Quant à ce cinquième opus, c’est Éric Verhoest, le directeur de Champaka himself qui a rédigé tout le rédactionnel reprenant par le menu la carrière de Luc Collin, alias Batem. Même lorsqu’on connaît le parcours de ce jeune surdoué croisant la route de Franquin en 1987, on se prend au plaisir de découvrir les verbatims et les anecdotes qui jalonnent cette introduction étoffée. Notamment en apprenant comment l’auteur travaillait avec ces légendes que sont Greg et Franquin, puis les différents scénaristes qui se sont succédés à ses côtés, principalement Yann, Dugomier puis Colman avec les différents styles qu’on leur connaît.
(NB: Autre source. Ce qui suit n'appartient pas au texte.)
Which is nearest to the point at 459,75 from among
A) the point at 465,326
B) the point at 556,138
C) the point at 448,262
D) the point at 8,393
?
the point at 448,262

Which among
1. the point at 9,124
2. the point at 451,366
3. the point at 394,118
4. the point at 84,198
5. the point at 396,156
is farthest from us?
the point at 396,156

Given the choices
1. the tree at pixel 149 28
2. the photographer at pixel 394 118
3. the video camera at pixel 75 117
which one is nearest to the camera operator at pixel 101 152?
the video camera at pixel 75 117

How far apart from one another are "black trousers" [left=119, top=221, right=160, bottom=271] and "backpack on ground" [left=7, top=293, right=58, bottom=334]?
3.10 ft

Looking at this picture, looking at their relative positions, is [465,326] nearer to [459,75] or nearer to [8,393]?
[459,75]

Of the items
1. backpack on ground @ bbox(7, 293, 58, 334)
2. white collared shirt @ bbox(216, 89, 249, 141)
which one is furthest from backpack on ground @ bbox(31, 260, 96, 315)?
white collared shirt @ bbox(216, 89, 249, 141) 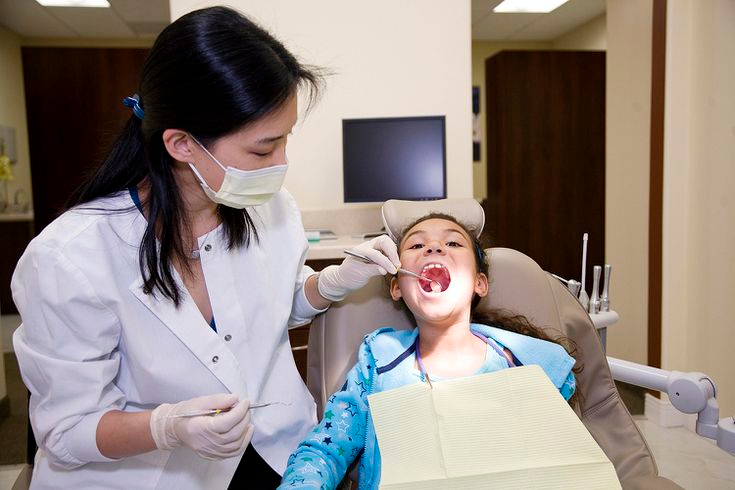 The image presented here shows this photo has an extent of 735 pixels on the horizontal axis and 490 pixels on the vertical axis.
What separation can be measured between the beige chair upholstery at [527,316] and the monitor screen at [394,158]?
4.16 feet

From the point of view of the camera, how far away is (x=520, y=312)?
136cm

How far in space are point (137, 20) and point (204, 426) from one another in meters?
4.75

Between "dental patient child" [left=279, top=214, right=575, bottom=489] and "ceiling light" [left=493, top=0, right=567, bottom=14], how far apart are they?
3.98 meters

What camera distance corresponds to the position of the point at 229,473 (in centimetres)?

Mais l’attrait principal demeure bien entendu la qualité des reproductions des magnifiques dessins réalisés par Batem. Dès l’introduction, les quelques cases, croquis ou travaux préparatoires pour le dessin animé donnent le ton : l’auteur est aussi impliqué que minutieux, capable de réaliser de gigantesques fresques où faune et flore se mélangent grâce à son talent.
Après le cahier introductif, cette "Vie en dessins" débute avec une première double page présentant une magnifique illustration couleur où le pli du livre tombe assez harmonieusement. Les deux cents pages qui suivent maintiennent cette qualité éditoriale : une grande variété des pièces rassemblées (planches, cases, illustrations couleurs et quelques crayonnés) permettent au lecteur de littéralement plonger au cœur de la forêt palombienne... et du travail de Batem évidemment. Surtout que l’éditeur a choisi une manière aussi simple qu’efficace d’organiser son ouvrage : en plaçant les pièces dans l’ordre chronologique, et en présentant les couvertures aux côtés de verbatim de l’auteur, afin de renseigner le lecteur.
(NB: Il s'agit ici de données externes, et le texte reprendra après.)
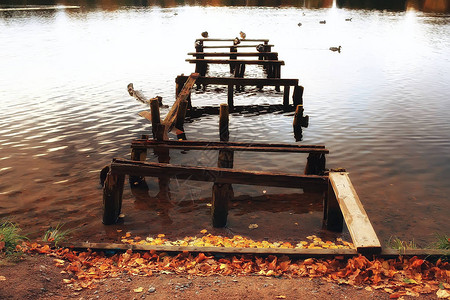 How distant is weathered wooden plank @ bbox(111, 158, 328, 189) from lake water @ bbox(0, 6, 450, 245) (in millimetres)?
1359

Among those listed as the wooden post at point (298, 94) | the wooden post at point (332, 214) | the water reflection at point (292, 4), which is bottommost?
the wooden post at point (332, 214)

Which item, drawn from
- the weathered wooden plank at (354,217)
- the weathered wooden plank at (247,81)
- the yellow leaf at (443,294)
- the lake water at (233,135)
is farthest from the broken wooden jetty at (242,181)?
the weathered wooden plank at (247,81)

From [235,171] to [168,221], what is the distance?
7.54ft


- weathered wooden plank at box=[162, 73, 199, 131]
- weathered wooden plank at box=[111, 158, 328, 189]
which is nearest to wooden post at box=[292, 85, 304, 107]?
weathered wooden plank at box=[162, 73, 199, 131]

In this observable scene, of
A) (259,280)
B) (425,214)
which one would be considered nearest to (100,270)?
(259,280)

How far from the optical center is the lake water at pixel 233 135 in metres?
8.49

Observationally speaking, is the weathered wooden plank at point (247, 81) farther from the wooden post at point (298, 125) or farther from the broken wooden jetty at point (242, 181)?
the broken wooden jetty at point (242, 181)

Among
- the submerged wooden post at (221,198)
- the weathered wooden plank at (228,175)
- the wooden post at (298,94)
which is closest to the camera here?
the weathered wooden plank at (228,175)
Cette partie principale de l’ouvrage ne se contente pas d’aligner les fac-similés. Des extraits d’interviews et des commentaires de Batem rythment magnifiquement l’ensemble, ce qui démultiplie que le plaisir que l’on prend lors de cette lecture. Outre les illustrations couleurs, des emblématiques planches encrées et ces verbatims, c’est toute la magie du monde du Marsu qui se dévoile à nous. Les amateurs ne passeront certainement pas à côté.
Mademoiselle Louise : plus que l’homologue féminin de Jojo
À côté de l’essor des Vie en dessins, les recueils patrimoniaux à dos rond, qui incluent régulièrement des dossiers allant jusqu’à une cinquantaine de pages, restent la grande marque de fabrique de Dupuis. Et cette fois, nous profitons de l’intégrale d’une série qui, comme Le Marsupilami, n’est pas née chez Dupuis. En effet, Mademoiselle Louise a été créée pour le Schtroumpf Magazine et se retrouve finalement éditée par Casterman dès 1993 avec deux premiers albums. Avant d’intégrer le giron de Dupuis en 2005, tout d’abord dans le Journal de Spirou, puis avec deux albums complémentaires chez Dupuis, avant la triste disparition d’André Geerts en 2010.
Un an après la dernière intégrale de Jojo, l’autre grande série d’André Geerts, c’est donc avec beaucoup de joie que nous renouons avec le travail de ce grand auteur. Pourtant, nous sommes un peu déboussolés en débutant notre lecture... Après une entame à l’américaine, avec quelques pages composées uniquement de très beaux documents originaux, le touchant mot d’introduction signé par Sergio Salma, le "scénariste" de la série, contraste avec l’aspect un peu austère de la maquette. Puis vient la page de titre, et un début de dossier qui ne dit pas son nom...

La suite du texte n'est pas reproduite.